> **Exercise directions**: Pull out every line in the data that has the string "with" in it.

> **Source material**:
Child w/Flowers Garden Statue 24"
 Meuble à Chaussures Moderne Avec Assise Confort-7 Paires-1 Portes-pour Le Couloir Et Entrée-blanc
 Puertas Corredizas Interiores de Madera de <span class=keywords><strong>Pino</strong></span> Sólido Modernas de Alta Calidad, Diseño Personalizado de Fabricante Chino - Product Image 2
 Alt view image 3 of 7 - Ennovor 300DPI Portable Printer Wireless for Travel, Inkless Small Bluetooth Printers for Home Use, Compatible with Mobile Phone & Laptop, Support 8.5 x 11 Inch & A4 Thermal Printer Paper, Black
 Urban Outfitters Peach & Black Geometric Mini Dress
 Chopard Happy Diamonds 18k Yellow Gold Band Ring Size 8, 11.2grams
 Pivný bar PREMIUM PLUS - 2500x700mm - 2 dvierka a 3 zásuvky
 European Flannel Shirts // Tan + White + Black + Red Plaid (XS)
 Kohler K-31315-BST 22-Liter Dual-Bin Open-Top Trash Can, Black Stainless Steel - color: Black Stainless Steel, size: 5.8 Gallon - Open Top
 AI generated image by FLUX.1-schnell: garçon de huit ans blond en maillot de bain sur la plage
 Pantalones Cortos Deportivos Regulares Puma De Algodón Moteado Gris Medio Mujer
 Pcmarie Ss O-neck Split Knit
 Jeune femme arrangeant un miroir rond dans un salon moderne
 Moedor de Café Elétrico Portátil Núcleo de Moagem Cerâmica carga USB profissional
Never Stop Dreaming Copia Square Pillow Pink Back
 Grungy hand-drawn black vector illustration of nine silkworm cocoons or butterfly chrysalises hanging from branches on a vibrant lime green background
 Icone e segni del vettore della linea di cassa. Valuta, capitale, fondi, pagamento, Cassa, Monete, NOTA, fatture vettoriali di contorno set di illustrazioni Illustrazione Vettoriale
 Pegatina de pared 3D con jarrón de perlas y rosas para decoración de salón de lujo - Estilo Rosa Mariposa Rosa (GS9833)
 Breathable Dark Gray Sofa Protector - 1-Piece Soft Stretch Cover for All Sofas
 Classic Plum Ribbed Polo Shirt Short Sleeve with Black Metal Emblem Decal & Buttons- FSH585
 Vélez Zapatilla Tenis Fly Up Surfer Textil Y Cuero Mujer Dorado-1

> **Response area**:
 Alt view image 3 of 7 - Ennovor 300DPI Portable Printer Wireless for Travel, Inkless Small Bluetooth Printers for Home Use, Compatible with Mobile Phone & Laptop, Support 8.5 x 11 Inch & A4 Thermal Printer Paper, Black
 Classic Plum Ribbed Polo Shirt Short Sleeve with Black Metal Emblem Decal & Buttons- FSH585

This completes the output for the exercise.